Amerikas Elite sieht das Ende der Weltmacht-Rolle der USA gekommen

In der amerikanischen Elite scheint ein Umdenken einzusetzen: Mit dem ehemaligen Finanzminister Lawrence Summers spricht erstmals ein hochrangiger Politiker und Finanz-Fachmann von Ende der amerikanischen Vorherrschaft in der Welt. Der Anlass ist der gescheiterte Versuch der US-Regierung, seine Verbündeten von der neuen chinesischen Entwicklungsbank AIIB fernzuhalten.
08.04.2015 00:44
Lesezeit: 3 min

Der gescheiterte Versuch der US-Regierung, ihre Verbündeten daran zu hindern, sich an der neuen chinesischen Entwicklungsbank zu beteiligen, wird in Washington überraschend als eine grundsätzliche Wende in den geopolitischen Ambitionen der USA gesehen. Angeführt von Großbritannien, hatten sich in kurzer Folge alle wichtigen Verbündeten der USA einschließlich Deutschlands und Italiens sowie Australien an der Asian Infrastructure Investment Bank (AIIB) beteiligt. Auch Russland will bei der AIIB mitmachen. 
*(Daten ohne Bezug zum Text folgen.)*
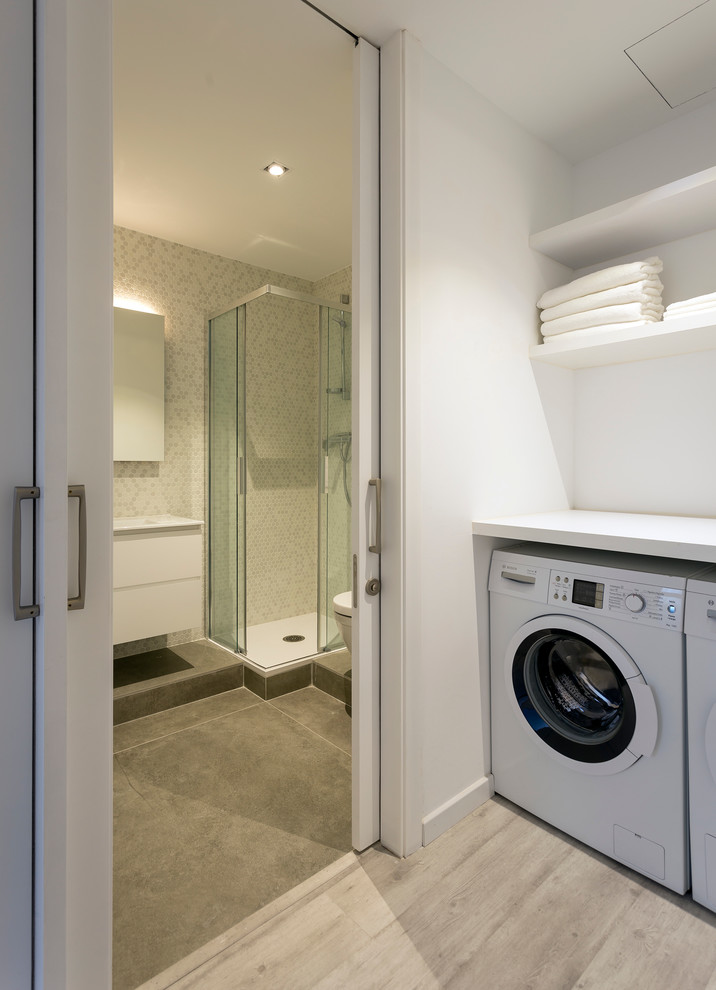 Small contemporary single-wall separated utility room in Barcelona with white walls, light hardwood flooring and a side by side washer and dryer.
Der ehemalige Finanzminister und Präsident der Harvard-Universität, Laurence Summers, analysiert in einem Artikel auf seiner Website die neue Rolle, die den Amerikanern in einer multipolaren Welt zukommt. Summers meint, dass es den Amerikanern nicht gelungen sei, „ein Dutzend seiner traditionellen Verbündeten, beginnend mit Großbritannien, zu überzeugen“, dem Werben Chinas zu widerstehen. Die Einrichtung einer neuen Entwicklungsbank (AIIB) sei auch deshalb auf so große Zustimmung bei den Verbündeten gestoßen, weil es den Amerikanern nicht gelungen sei, die bestehenden Institutionen wie den IWF den neuen weltpolitischen Gegebenheiten entsprechend zu strukturieren: „Chinas wirtschaftliche Größe und die Tatsache, dass die Schwellenländer bereits die Hälfte der industriellen Weltproduktion vorbringen, verlangen nach einer neuen globalen wirtschaftlichen Architektur.“

Summers sieht überraschenderweise auch die dominante Position des IWF gefährdet, weil der von den USA dominierte Währungsfonds bisher nicht in der Lage gewesen sei, sich eine moderne Struktur zu geben, die den veränderten globalen Rahmenbedingungen Rechnung trägt. Summers kennt die internationalen Finanzinstitutionen von innen: Er war viele Jahre Chefökonom der Weltbank gewesen. Die USA hatten bis zuletzt jegliche Reform des IWF blockiert und damit verhindert, dass aufstrebende Mächte wie etwa China eine größere Rolle im IWF spielen könnten.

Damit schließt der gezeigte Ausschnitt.